* _Problem to work on_: In the listing below, find the line containing "Vintage Large Brass" and the line containing "Johann Georg Meyer". Repeat exactly those two lines and every line between them.

* _Data shown_:
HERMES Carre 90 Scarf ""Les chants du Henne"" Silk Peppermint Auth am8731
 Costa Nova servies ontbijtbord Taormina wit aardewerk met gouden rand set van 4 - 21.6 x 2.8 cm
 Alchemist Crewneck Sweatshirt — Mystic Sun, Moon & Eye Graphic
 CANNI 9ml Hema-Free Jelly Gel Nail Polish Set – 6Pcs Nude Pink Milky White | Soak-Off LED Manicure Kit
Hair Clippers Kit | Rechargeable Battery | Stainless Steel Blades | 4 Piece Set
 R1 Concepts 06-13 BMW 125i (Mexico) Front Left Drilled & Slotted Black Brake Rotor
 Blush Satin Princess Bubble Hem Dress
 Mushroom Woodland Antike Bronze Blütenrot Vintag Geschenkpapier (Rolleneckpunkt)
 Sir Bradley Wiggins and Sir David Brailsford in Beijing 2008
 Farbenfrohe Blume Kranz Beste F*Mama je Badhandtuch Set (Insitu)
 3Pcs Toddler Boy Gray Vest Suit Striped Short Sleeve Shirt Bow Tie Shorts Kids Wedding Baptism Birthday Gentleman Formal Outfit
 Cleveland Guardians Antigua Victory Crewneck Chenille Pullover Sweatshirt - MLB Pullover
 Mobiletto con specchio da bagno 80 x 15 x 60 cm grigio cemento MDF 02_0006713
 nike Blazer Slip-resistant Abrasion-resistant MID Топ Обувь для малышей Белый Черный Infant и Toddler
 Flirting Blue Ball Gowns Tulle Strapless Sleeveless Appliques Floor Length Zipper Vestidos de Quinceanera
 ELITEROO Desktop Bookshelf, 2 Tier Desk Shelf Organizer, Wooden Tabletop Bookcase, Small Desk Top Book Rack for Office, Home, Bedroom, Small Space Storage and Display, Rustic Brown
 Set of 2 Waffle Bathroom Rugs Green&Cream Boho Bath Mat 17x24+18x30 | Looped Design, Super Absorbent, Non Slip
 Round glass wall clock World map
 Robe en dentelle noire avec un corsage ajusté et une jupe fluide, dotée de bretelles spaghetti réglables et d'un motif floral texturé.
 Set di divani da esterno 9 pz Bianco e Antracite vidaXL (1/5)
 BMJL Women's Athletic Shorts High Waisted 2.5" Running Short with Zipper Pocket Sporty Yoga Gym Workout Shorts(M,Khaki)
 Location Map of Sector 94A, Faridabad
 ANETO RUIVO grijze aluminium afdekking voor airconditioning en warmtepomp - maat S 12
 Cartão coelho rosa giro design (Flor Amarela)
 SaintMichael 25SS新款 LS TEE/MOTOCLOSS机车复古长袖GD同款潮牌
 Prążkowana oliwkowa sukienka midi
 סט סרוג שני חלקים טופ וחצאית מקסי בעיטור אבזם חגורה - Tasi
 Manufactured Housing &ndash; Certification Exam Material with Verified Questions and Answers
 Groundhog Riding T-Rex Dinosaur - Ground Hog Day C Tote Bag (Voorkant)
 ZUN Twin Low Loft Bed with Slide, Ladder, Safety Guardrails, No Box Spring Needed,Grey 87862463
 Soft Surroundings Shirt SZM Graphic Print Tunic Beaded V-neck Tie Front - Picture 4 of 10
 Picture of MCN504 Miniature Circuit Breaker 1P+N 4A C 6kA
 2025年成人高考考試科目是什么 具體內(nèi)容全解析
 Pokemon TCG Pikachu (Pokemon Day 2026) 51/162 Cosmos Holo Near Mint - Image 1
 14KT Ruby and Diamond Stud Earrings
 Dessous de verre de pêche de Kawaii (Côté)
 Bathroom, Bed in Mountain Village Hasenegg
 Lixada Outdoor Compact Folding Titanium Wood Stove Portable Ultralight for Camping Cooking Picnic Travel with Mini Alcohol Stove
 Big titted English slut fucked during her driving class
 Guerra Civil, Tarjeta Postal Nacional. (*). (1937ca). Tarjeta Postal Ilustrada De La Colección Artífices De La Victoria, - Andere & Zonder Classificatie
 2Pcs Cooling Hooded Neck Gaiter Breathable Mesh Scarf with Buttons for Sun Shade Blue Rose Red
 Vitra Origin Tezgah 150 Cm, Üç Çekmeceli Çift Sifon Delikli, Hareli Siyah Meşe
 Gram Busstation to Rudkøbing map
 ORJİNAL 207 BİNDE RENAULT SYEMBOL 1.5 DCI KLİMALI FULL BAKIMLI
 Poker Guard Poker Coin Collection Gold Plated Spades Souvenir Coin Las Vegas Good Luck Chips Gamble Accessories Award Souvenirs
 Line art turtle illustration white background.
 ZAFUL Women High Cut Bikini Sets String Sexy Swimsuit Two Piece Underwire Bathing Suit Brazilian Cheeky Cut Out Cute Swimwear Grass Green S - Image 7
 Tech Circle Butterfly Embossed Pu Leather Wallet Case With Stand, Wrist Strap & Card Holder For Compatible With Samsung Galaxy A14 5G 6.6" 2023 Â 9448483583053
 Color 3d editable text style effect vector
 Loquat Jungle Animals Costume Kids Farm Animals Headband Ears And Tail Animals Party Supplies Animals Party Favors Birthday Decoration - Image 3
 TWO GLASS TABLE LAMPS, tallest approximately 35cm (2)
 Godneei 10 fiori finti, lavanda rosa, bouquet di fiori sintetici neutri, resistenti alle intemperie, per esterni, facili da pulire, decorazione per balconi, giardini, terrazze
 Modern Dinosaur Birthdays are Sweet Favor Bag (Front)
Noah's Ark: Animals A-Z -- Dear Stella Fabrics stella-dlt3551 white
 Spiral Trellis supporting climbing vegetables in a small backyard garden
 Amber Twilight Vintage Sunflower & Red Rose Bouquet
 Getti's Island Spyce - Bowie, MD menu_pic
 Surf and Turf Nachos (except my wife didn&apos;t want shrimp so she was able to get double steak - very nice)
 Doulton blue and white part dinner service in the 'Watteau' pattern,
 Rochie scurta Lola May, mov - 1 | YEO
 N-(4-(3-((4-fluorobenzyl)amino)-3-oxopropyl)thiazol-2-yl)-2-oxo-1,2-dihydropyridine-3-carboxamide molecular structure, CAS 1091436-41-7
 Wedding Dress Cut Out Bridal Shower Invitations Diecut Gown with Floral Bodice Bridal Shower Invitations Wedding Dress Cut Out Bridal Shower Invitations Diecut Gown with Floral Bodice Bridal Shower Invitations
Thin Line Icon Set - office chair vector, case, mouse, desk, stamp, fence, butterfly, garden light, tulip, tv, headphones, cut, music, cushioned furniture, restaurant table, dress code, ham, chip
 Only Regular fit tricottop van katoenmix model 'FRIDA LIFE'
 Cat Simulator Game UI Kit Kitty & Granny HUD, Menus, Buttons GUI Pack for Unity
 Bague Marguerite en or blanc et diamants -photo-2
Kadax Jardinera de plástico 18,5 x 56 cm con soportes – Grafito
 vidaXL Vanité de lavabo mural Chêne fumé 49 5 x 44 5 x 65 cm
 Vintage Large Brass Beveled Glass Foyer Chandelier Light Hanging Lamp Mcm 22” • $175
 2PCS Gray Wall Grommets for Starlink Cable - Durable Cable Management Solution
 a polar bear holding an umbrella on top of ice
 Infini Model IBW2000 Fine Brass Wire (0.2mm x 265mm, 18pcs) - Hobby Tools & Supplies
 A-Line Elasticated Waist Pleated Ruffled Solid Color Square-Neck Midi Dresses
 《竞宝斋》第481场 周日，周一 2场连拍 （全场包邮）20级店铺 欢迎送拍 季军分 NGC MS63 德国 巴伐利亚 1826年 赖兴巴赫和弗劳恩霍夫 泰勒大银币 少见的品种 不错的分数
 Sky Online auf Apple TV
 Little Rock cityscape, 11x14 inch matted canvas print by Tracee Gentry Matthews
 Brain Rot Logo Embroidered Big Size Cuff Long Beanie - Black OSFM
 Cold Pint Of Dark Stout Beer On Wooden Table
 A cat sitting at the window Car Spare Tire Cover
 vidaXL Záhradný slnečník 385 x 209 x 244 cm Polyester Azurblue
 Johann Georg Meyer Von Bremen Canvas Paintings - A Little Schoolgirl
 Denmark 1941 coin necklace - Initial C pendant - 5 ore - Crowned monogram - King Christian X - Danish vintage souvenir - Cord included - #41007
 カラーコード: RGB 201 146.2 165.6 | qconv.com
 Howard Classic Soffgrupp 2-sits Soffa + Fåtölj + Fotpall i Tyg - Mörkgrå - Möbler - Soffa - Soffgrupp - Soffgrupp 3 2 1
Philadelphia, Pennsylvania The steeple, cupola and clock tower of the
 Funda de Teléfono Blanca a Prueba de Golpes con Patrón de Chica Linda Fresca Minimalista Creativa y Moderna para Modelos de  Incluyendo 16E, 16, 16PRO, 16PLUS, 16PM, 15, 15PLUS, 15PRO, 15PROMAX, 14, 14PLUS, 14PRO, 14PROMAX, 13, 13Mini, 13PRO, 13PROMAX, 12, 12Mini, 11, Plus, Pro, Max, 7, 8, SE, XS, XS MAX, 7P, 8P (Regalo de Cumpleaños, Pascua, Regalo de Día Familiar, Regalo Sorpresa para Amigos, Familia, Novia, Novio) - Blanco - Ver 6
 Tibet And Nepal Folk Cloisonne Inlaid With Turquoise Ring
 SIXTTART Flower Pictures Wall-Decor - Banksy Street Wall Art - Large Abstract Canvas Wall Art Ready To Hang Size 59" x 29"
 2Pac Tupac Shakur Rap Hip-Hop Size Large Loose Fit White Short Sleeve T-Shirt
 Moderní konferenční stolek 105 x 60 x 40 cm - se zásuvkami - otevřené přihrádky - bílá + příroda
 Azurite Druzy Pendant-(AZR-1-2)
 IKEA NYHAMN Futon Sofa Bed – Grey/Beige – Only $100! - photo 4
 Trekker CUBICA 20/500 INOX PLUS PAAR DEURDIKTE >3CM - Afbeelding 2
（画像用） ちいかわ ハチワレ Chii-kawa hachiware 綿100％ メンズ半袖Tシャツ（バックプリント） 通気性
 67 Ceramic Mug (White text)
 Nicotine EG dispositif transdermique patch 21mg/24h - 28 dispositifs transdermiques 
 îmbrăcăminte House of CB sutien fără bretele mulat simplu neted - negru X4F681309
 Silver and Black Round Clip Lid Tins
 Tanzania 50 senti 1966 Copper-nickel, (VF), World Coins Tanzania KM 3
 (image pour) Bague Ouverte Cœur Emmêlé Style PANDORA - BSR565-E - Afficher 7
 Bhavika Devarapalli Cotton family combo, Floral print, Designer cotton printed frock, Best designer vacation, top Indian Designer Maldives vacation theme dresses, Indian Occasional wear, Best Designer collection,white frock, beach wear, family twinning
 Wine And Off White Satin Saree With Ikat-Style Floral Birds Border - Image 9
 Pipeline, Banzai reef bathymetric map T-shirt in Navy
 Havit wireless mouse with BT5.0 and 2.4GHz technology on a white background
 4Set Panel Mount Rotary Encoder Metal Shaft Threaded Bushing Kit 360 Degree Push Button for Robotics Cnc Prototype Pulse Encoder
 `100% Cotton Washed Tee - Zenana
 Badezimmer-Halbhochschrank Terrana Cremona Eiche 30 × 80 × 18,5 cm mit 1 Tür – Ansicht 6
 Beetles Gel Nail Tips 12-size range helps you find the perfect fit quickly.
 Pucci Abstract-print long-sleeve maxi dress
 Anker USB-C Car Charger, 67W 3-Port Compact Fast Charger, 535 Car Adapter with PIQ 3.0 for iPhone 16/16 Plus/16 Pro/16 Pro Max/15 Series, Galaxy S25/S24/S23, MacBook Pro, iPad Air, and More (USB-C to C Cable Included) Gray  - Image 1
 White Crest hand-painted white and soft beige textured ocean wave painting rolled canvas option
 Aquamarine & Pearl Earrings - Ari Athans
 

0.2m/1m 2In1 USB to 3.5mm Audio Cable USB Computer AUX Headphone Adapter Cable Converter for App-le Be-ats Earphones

* _Solution to this task_:
 Vintage Large Brass Beveled Glass Foyer Chandelier Light Hanging Lamp Mcm 22” • $175
 2PCS Gray Wall Grommets for Starlink Cable - Durable Cable Management Solution
 a polar bear holding an umbrella on top of ice
 Infini Model IBW2000 Fine Brass Wire (0.2mm x 265mm, 18pcs) - Hobby Tools & Supplies
 A-Line Elasticated Waist Pleated Ruffled Solid Color Square-Neck Midi Dresses
 《竞宝斋》第481场 周日，周一 2场连拍 （全场包邮）20级店铺 欢迎送拍 季军分 NGC MS63 德国 巴伐利亚 1826年 赖兴巴赫和弗劳恩霍夫 泰勒大银币 少见的品种 不错的分数
 Sky Online auf Apple TV
 Little Rock cityscape, 11x14 inch matted canvas print by Tracee Gentry Matthews
 Brain Rot Logo Embroidered Big Size Cuff Long Beanie - Black OSFM
 Cold Pint Of Dark Stout Beer On Wooden Table
 A cat sitting at the window Car Spare Tire Cover
 vidaXL Záhradný slnečník 385 x 209 x 244 cm Polyester Azurblue
 Johann Georg Meyer Von Bremen Canvas Paintings - A Little Schoolgirl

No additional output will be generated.